The mystery of the silver teapot recently highlighted by The Local has finally been solved.
It is part of a three-piece service inherited by retired company director Tony Brooks after the death of a relative last year.
The presentation teapot, sugar bowl and milk jug were given to his grandfather by Bourne Town Football Club almost eighty years ago although the reason why was unknown.
Tony, aged 80, of Beech Avenue, Bourne, is the grandson of William Brooks who died in March 1949, aged 66. He lived in North Road, Bourne where he worked as the man from the Pru, the name given to local area representatives of the Prudential Assurance Company because their work involved meeting their clients in person at their homes.
But he was also interested in sport and a keen supporter and voluntary helper for Bourne Town Football Club where the work he did must have been greatly appreciated because when he left Bourne and retired to live at Northfield, Birmingham, the club gave him the silver tea service inscribed: “Presented to Mr W Brooks by the Bourne Town Football Club in recognition of his valued services, February 1939.”
After William Brooks died, the tea service, together with his grandfather clock, were left first to his wife, Ethel, and then when she died twenty years ago they were passed down through the family and finally handed to Tony last year as the eldest living male in the Brooks line.
But Tony was unable to find out what these valued services were and inquiries to the football club failed to produce an answer.

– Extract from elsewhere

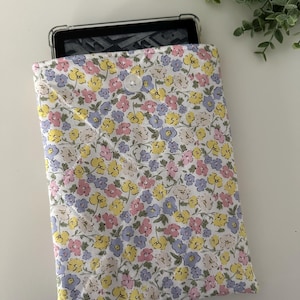 Kindle Watercolor Floral Quilted Sleeve, Kindle Sleeve, Kindle Pouch, Kindle Cover, Kindle Protection, Kindle Gift, Padded Kindle Sleeve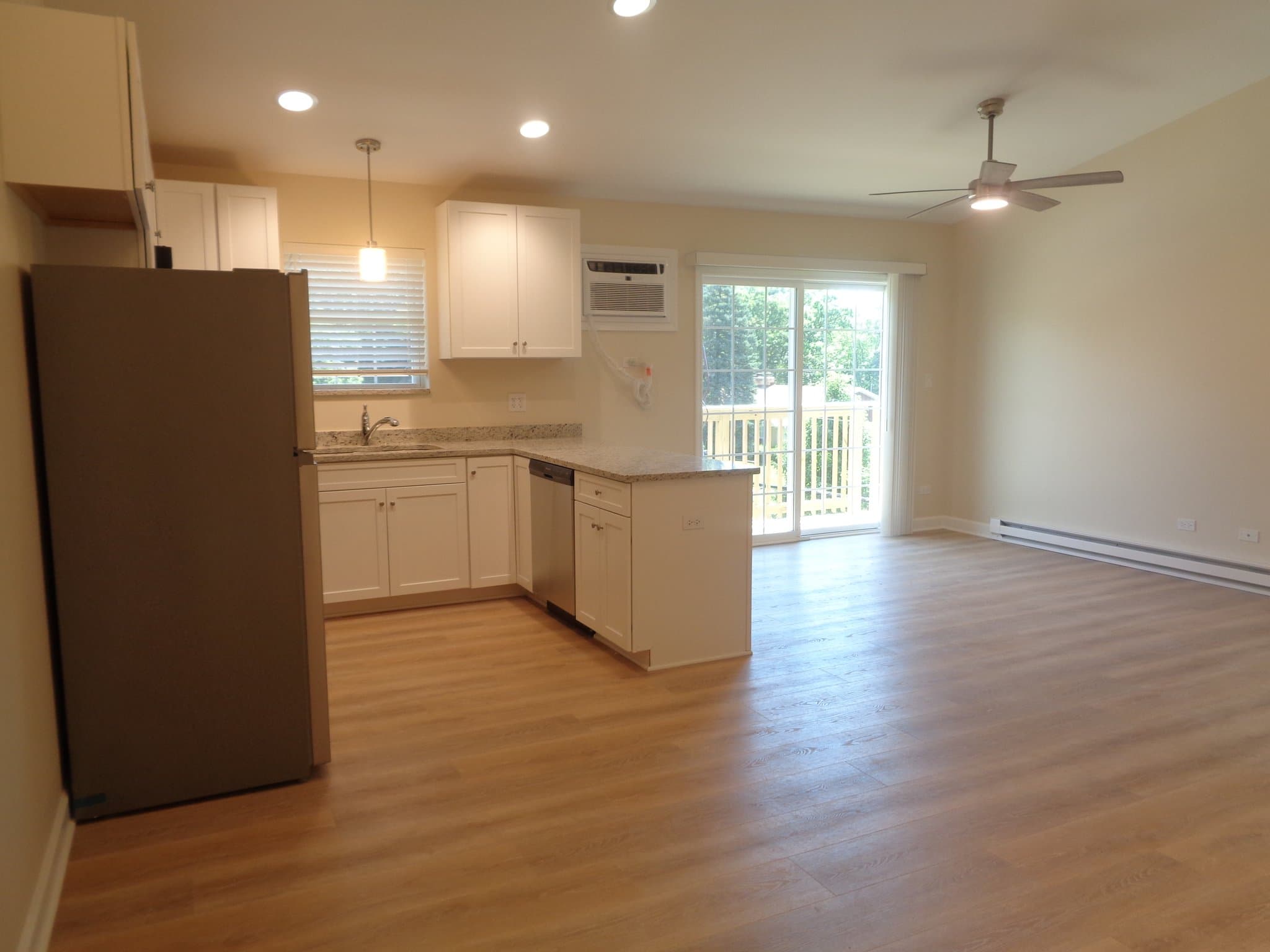 Joliet Apartment: 115 Essington Rd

Now a news item about the presentation has been located by the Stamford Mercury Archive Trust which looks after past issues of the newspaper in the copy for Friday 10th February 1939. The Stamford Mercury is The Local’s sister title.
The report says that the tea service was handed over during a committee meeting of the football club by the chairman, Councillor W H Smith, who was also vice-chairman of Bourne Urban District Council, “in recognition of his many years of valuable service as treasurer”.
The report goes on: “Mr Brooks has relinquished his office and is departing the town but leaves the club’s finances in, perhaps, the most healthy condition that they have ever been before.”
The mystery that has baffled the family for many years has therefore been solved. “I am so pleased to have found out what grandpa actually did for the club”, said Tony. “I knew that he must have held some important office to be honoured in this way and treasurer would be a most appropriate appointment in view of his financial experience. I am keeping a copy of the newspaper report with the tea service which will continue to be handed down through the family.”